Gündem

Mahkeme başkanından FETÖ sanığına 'yemin' çıkışı

FETÖ'den yargılanan 486 sanığın davasında, mahkeme başkanı, üzerine kayıtlı 13 telefon hattı bulunan sanığın, 'Hiç ByLock kullanmadım, yemin edebilirim' sözü üzerine 'Yeminle yürümüyor bu işler' diye çıkıştı.

Mahkeme başkanından FETÖ sanığına 'yemin' çıkışı
05-12-2017 23:37

KONYA

Konya'da, Fetullahçı Terör Örgütü/Paralel Devlet Yapılanması'na (FETÖ/PDY) yönelik soruşturma kapsamında haklarında dava açılan 179'u tutuklu 486 sanığın yargılandığı davaya devam edildi.

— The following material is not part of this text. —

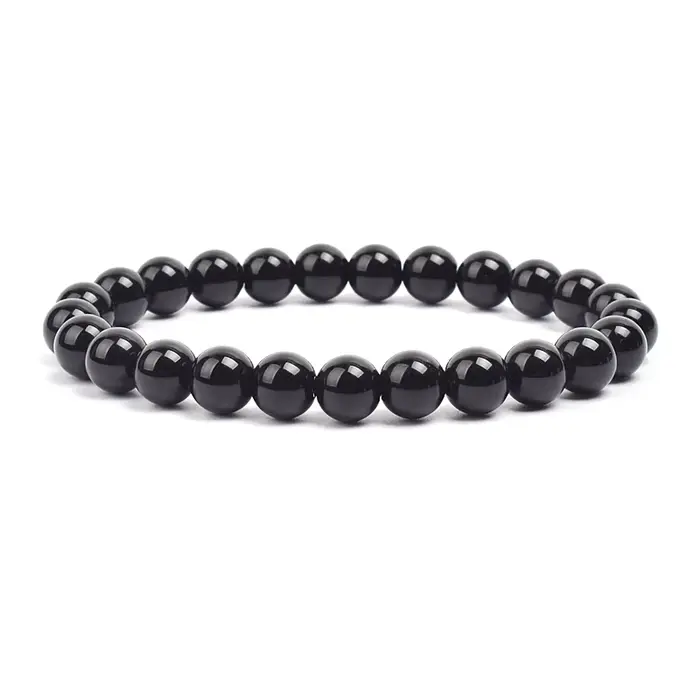 Bracelet de perles en pierre naturelle pour femmes et hommes, améthystes, cristal, quartz, aigue-mar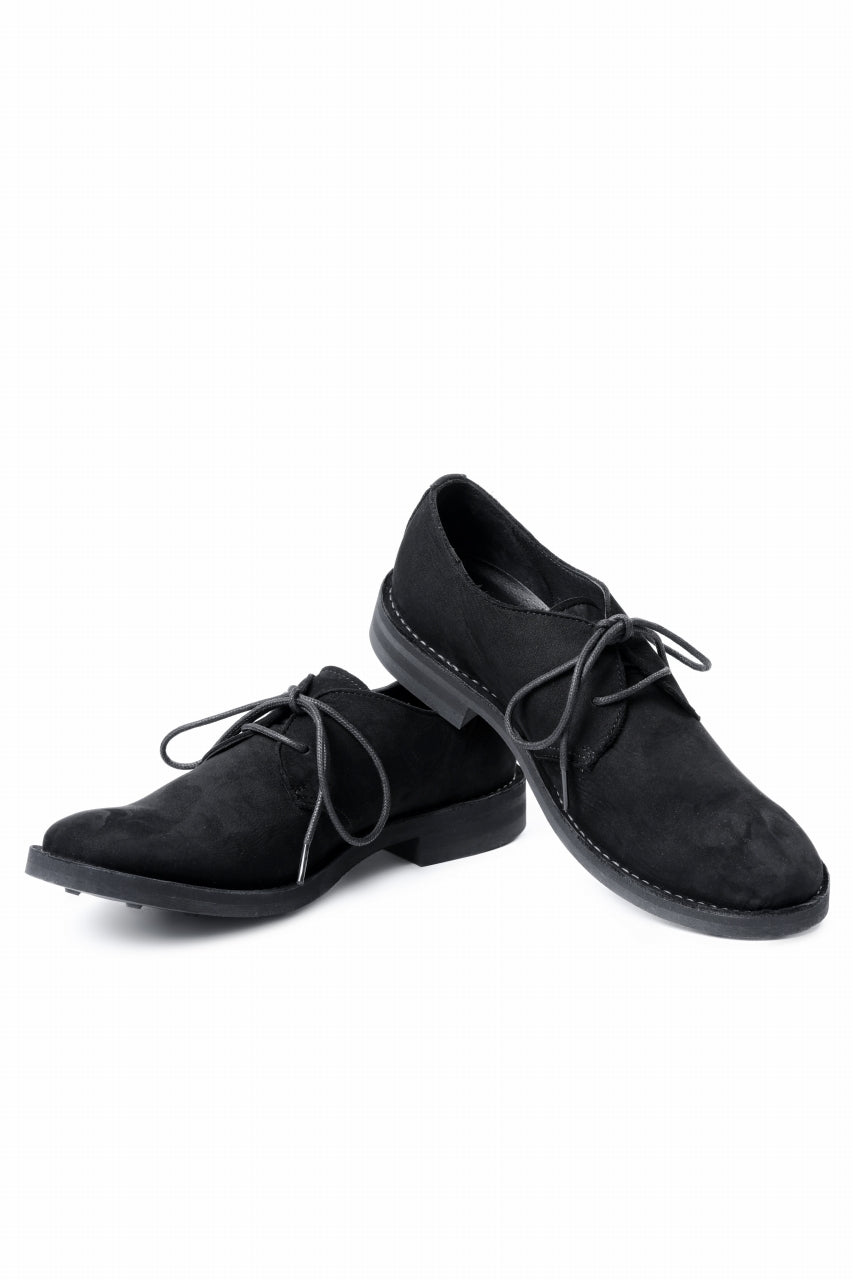 画像をギャラリービューアに読み込む, Y's for men PLAIN TOE SHOES / NUBUCK LEATHER (BLACK)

Konya 9. Ağır Ceza Mahkemesince Büyükşehir Belediyesi tarafından özel hazırlanan merkez Meram ilçesindeki Fatih Sultan Mehmet Spor Salonu'nda görülen "çatı" davası duruşmasına sanıklar, yakınları ile avukatları katıldı.

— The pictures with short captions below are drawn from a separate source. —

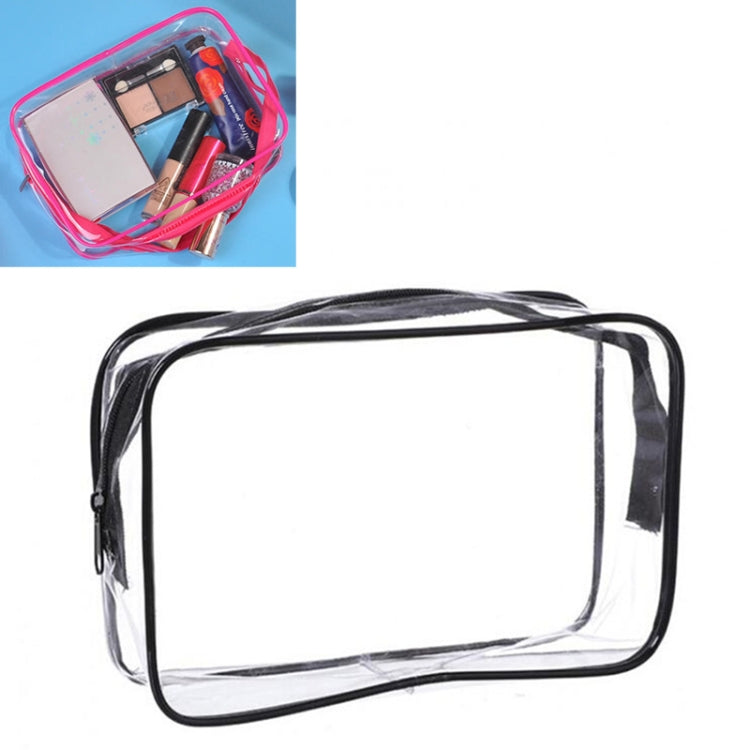 Borse da viaggio portatili in PVC con cerniera Borsa per trucco trasparente impermeabile, S, M, L, 3Pcs Set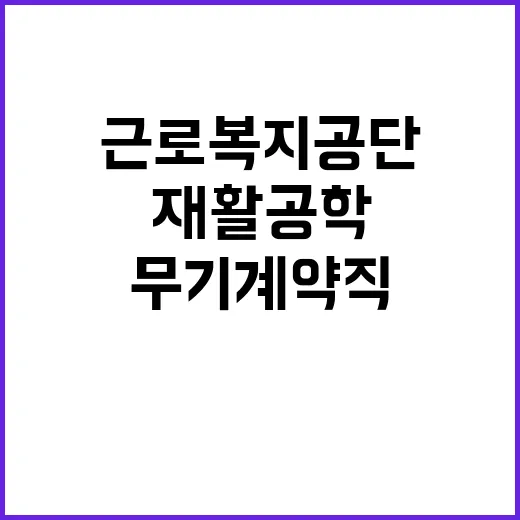 [재활공학연구소] 공무직(사무원) 채용 공고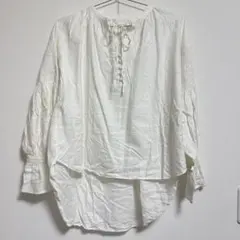 ホワイト 長袖 シャツのサムネイル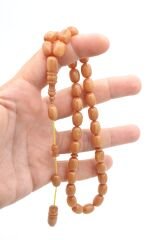 Usta İşi Sistemli Kapsül Kesim Hareli Bej Katalin Tesbih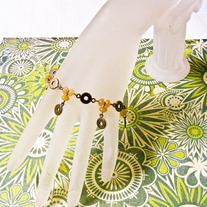 Brass Aventurine Bracelet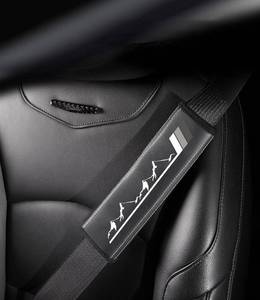 lot 14447 image: DAOPERS Leather Seat Belt Shoulder Pad Cover 4 Pack Gray for Car SUV Truck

Tutuksuz sanıkların savunmalarının alındığı duruşmada, sanıklardan Hasan Y. hakkındaki suçlamaları kabul etmedi.

Üzerine kayıtlı 2 telefon hattında örgütün şifreli haberleşme programı "ByLock" kullanıldığının sorulması üzerine Hasan Y. "Onları ben kullanmadım. Kızım yükledi ve kullandı." dedi.

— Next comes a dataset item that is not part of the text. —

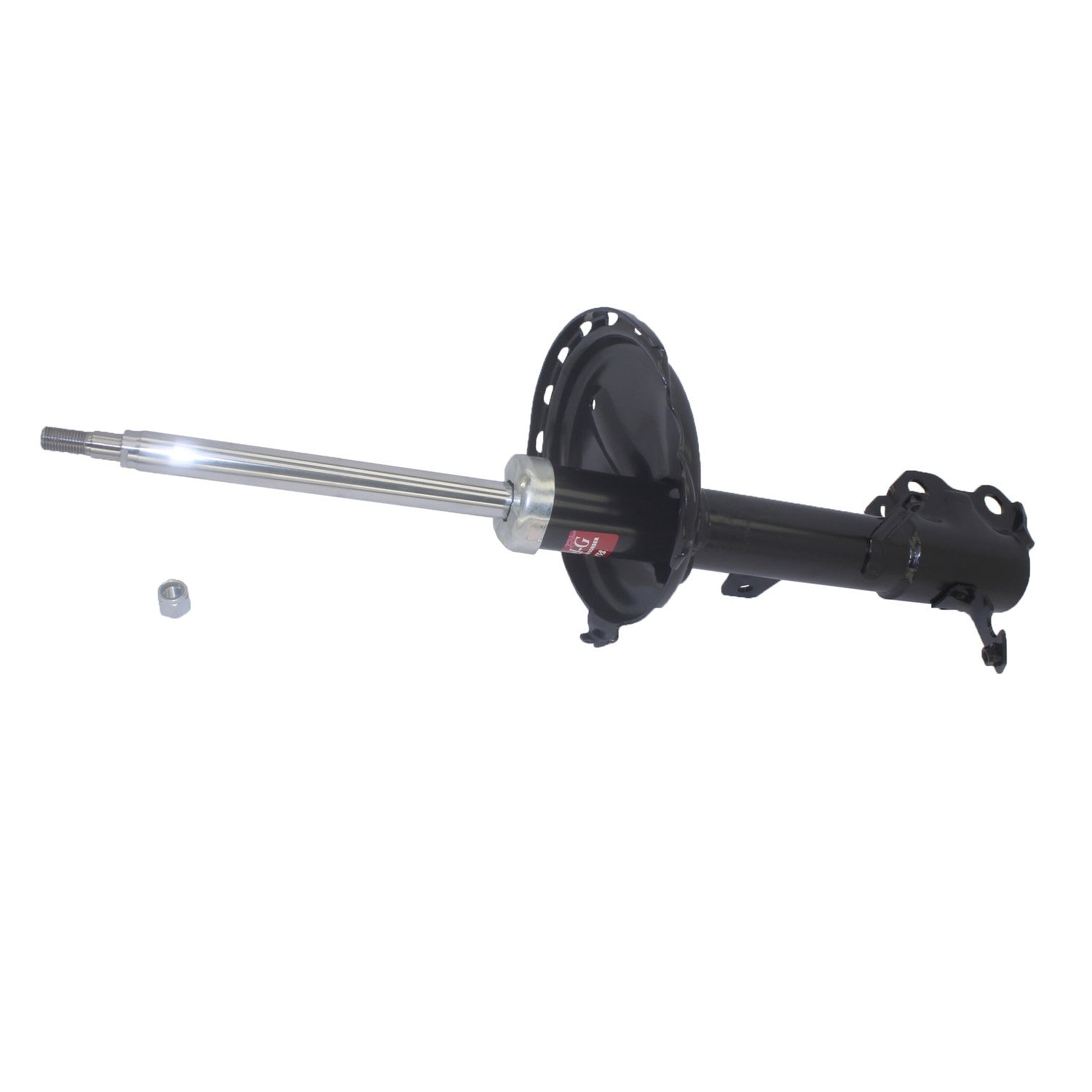 Front View of Rear Left Suspension Strut KYB 339245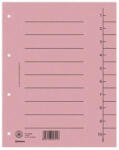 Donau Separatoare A4 carton manila 250 gsm cu index 1-10 100 buc roz (DN-8610001-16)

Mahkeme Başkanının üzerine kayıtlı 13 hat olduğunun tespit edildiğine ilişkin sorusu üzerine Hasan Y. "Doğru olabilir. Evde 5 tane aile bireyim var. Onların kullandığı hatları da ben almıştım. Kendi numaralarımı da dönem dönem değiştirdiğim, kapattığım oldu. Şu anda üzerime kayıtlı sadece 2 hat bulunmakta. Bunların birini ben kullanıyorum, diğerini eşim, ByLock kullanıldığı tespit edilen iki hattı da kızım kullandı. Ben hiç ByLock kullanmadım. Yemin edebilirim." yanıtını verdi.

Bunun üzerine mahkeme başkanı sanığa, "Yeminle yürümüyor bu işler." diye çıkıştı.

Tutuksuz sanıklardan Asım T. de hakkındaki suçlamaları reddetti.

Milli Eğitim Bakanlığına bağlı olarak 19 yıldır öğretmenlik yaptığını anlatan Asım T, 2014'te örgüt elebaşının Bank Asya'yı kurtarma talimatı verdiği sırada bankadaki hesap hareketliliğine ilişkin, "Başkanlığını yaptığım bir spor kulübünün oyuncularına vadettiğim şampiyonluk primini bu hesaba yatırdım. Örgüt liderinin talimatıyla ilişkisi yoktur. O benim şahsi paramdı." diye savunma yaptı.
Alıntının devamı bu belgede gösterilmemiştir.